Other stages of REM sleep were found to be not associated with an increased risk of dementia.

Pase said, "Our findings point to REM sleep as a predictor of dementia and the next step will be to determine why lower REM sleep predicts a greater risk of dementia. By clarifying the role of sleep in the onset of dementia, the hope is to eventually identify possible ways to intervene so that dementia can be delayed or even prevented."

The limitations of this study were that the sample size was small and there is a need to conduct the study on a larger group to confirm these findings. The data of participants who work shifts are not available. Shift working people can have unusual sleep patterns that could lead to sleep disorders.

What is REM Sleep?

REM Behavior Disorder (RBD), a sleep disorder, where a person acts out dramatic or violent dreams during Rapid Eye Movement (REM) sleep.

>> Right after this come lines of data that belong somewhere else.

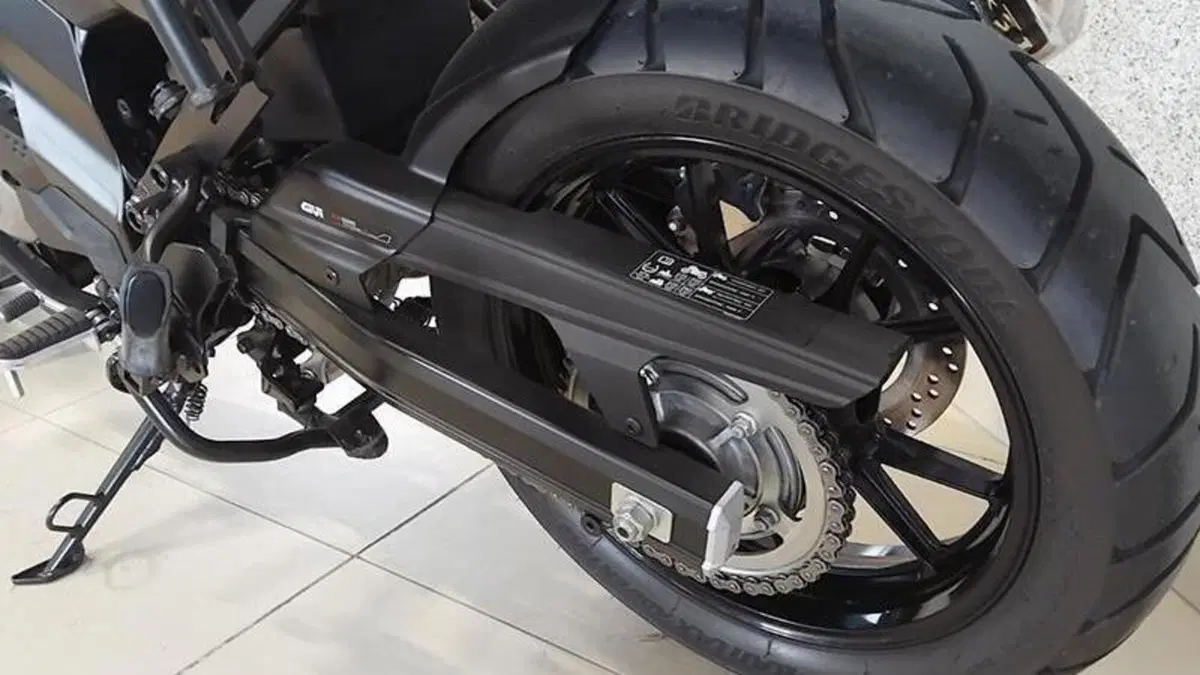 Suzuki V-Strom 650 (2021 - 25)  (5)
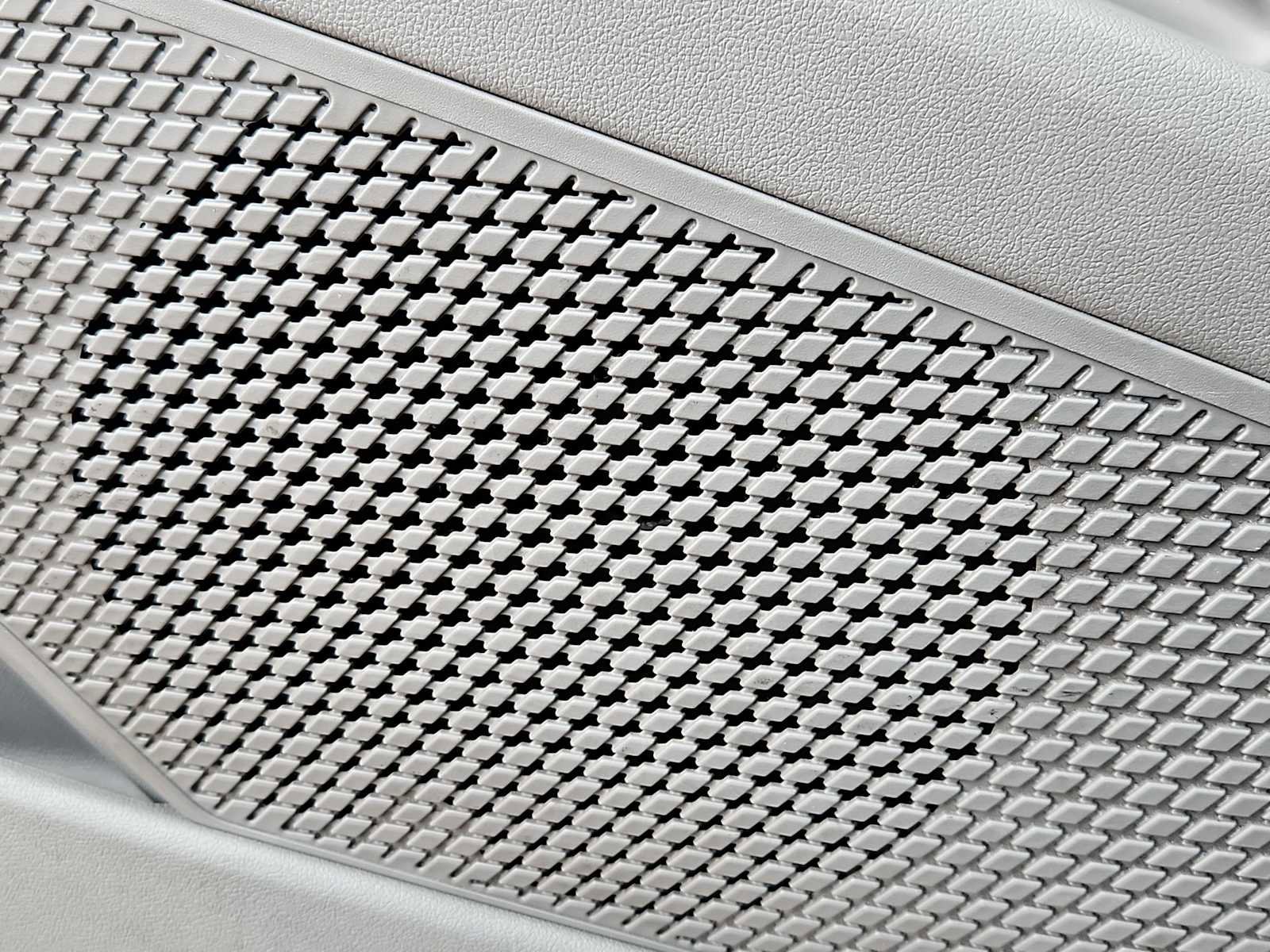 Certified 2023 Hyundai Elantra SEL w/ Preferred Accessory Package image 29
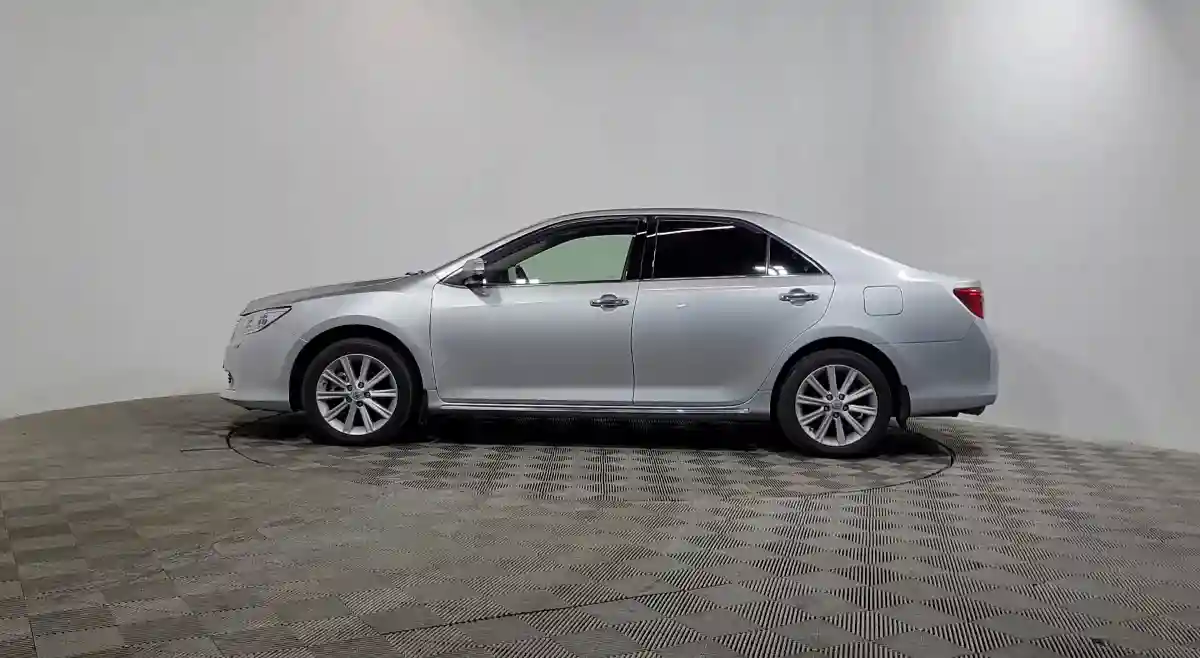 Toyota Camry 2011 года за 10 290 000 тг. в Алматы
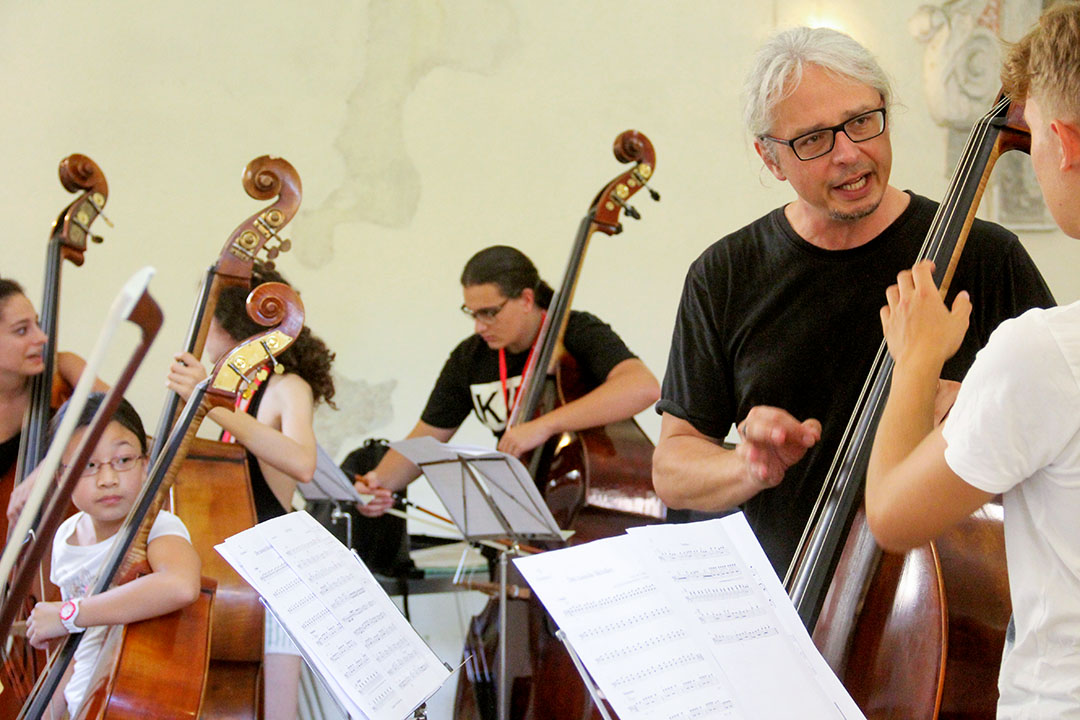 Spass am Bass: Beim „6th European Biennial Double Bass Congress & Festival“ im toskanischen Lucca vom 30. Juli bis zum 5. August gab Claus Freudenstein sein Wissen an zahlreiche Kinder und Jugendliche weiter.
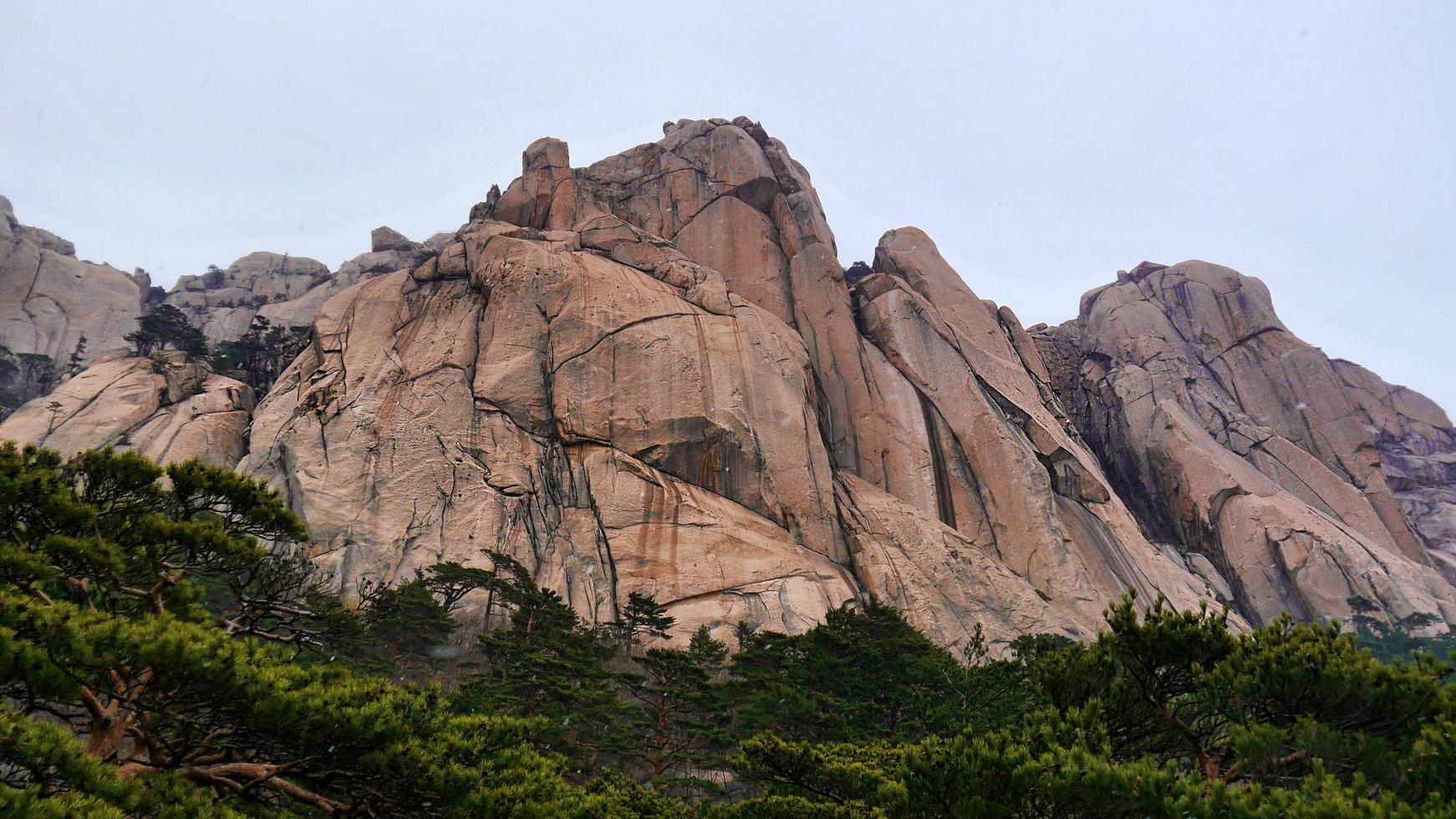 stora stenar vid Seoraksan nationalpark foto
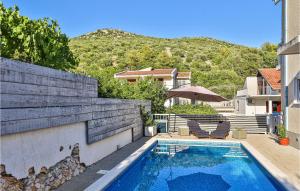 Stunning Home In Marina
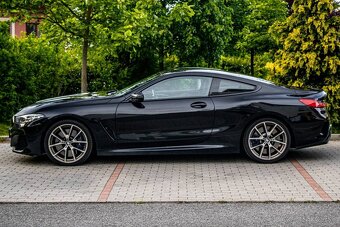 BMW Rad 8 M850i xDrive Coupé - 9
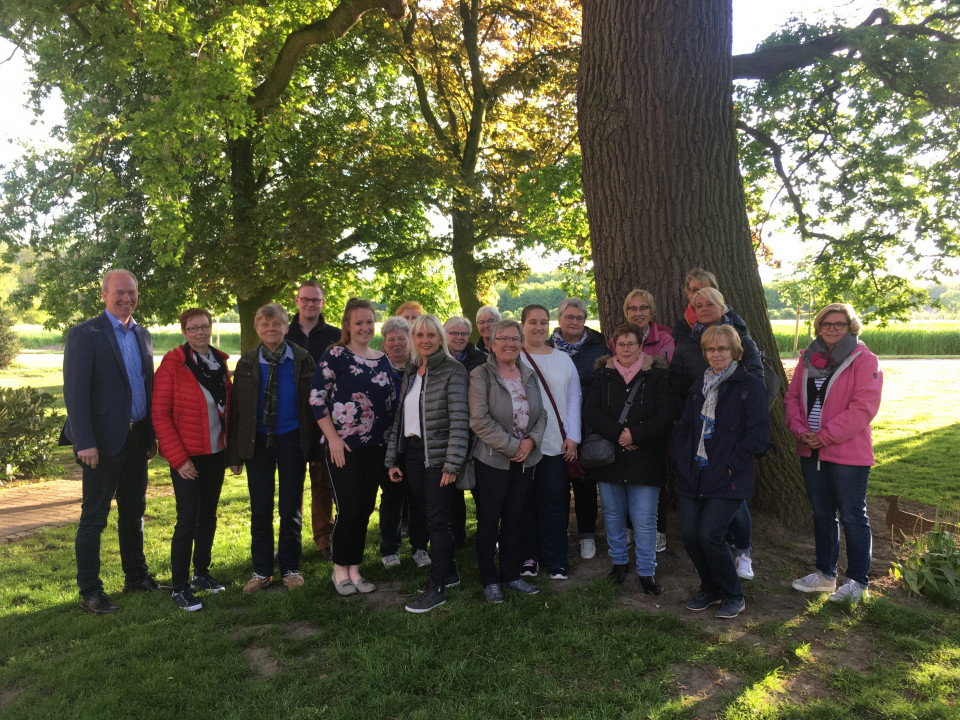 Mitglieder der Frauen Union im Kreis Warendorf mit der Kreisvorsitzenden Elke Duhme und Daniel Hagemeier MdL (1.v.l.) und der Familie Hengemann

A sleep cycle is defined by Non-Rapid Eye Movement (NREM) sleep, that comprises of four stages, followed by a period of Rapid Eye Movement (REM) sleep.

A typical sleep cycle lasts for about 100 - 110 minutes long, beginning with NREM sleep and transitioning to REM sleep after 80 - 100 minutes.

REM sleep is also referred to as the 'dream sleep,' because most of the dreams occur during this stage. The temporary muscle paralysis which occurs during this phase is a protective mechanism, to stop us from acting out the dreams.